We only occasionally dip our toe into the ‘Next Manager’ market as often the eventual appointed boss will be a) obvious from the start or b) a complete curveball, and while option a offers very little for punters to get excited about option b does occasionally deliver some value.

Have a glance at the head of the Next Middlesbrough Manager market and you’ll instantly feel two things: are these the best candidates for the job? and b) we have a real chance of finding some great betting value in amongst this minefield.

Chosen at random, SkyBet have the next Boro boss shaping up like this:

  • Steve Agnew – 2/1
  • Paul Ince – 11/4
  • Alan Pardew – 9/1
  • Bryan Robson – 14/1
  • Nigel Pearson – 16/1
  • Harry Redknapp – 16/1

If you are rubbing your eyes in disbelief at that shortlist then you’re not the only one. This, a Premier League side, are simply not going to employ Ince or Robson, no matter of their local connections. The same can be said for Pearson – a much beloved Boro player, but a man who was sacked from his last job at Derby for allegedly headbutting the chairman.

Redknapp’s mention coincided nicely with Comic Relief on Friday, while Alan Pardew is not the kind of gaffer that Boro chairman Steve Gibson would typically employ.

Gibson has a well-known love of continental, technically-focused managers, as the appointments of Steve McClaren and Aitor Karanka testify. Remember, Karanka was a complete unknown prior to his arrival that had never managed before; he was assistant at Real Madrid to Jose Mourinho, and yet with a win ratio of 52% he is, arguably, the Boro’s most successful manager of the modern era.

So the chairman is willing to a) take a risk and b) go foreign if necessary. Interesting stuff for punters.

The elephant in the room is Agnew, a long-serving member of the backroom team who has taken over temporary charge. With ten games remaining of the Premier League season, will he be left in charge until the end of the campaign so that Gibson can make an appointment based on their league status for 2017/18?

That’s a distinct possibility, and the rules of the Next Manager state that, for the purposes of the market, a caretaker is classed as a permanent appointment if they take charge for ten or more games. Hence Agnew’s price of 1/2.

But if we assume that Gibson will make an appointment in the next few weeks, then a familiar Spaniard might just be his chosen selection.

Say it With Flores

When Quique Sanches Flores was sacked as Watford boss last summer, there were plenty among the Vicarage Road faithful who felt slightly aggrieved by the decision.

The Spaniard led the Hornets to a comfortable thirteenth in the Premier League and to the semi-finals of the FA Cup. Fast forward 12 months and Watford will need to claim 14 points from their remaining 10 games simply to match their league achievements of 2015/16.

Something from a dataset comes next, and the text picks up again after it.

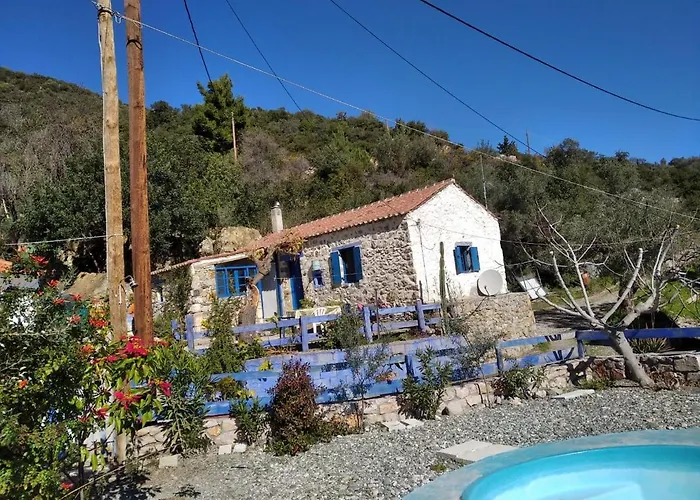 Small Hause With Swimming Pool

Progress? Not a bit of it.

Since then Quique has looked to put that debacle behind him at Espanyol; and boy, what a job he has done there. Last season they finished just five points clear of the relegation zone with a goal difference of -34. Fast forward 12 months and they are ninth – just eight points shy of Real Sociedad in sixth.

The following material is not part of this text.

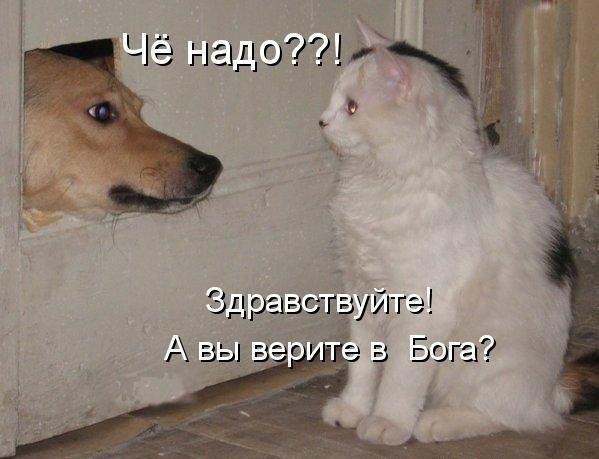    :D - 5  2016  03:01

To call Flores a miracle worker would be over-egging the pudding, but he could be exactly the catalyst Boro need for a shock survival mission. If they go down, Quique seems as good an option as any in the Championship.

You’ll find prices vary on him to be appointed next Middlesbrough manager from 20/1 to 30/1, but anything towards the latter end of that price range is outstanding value.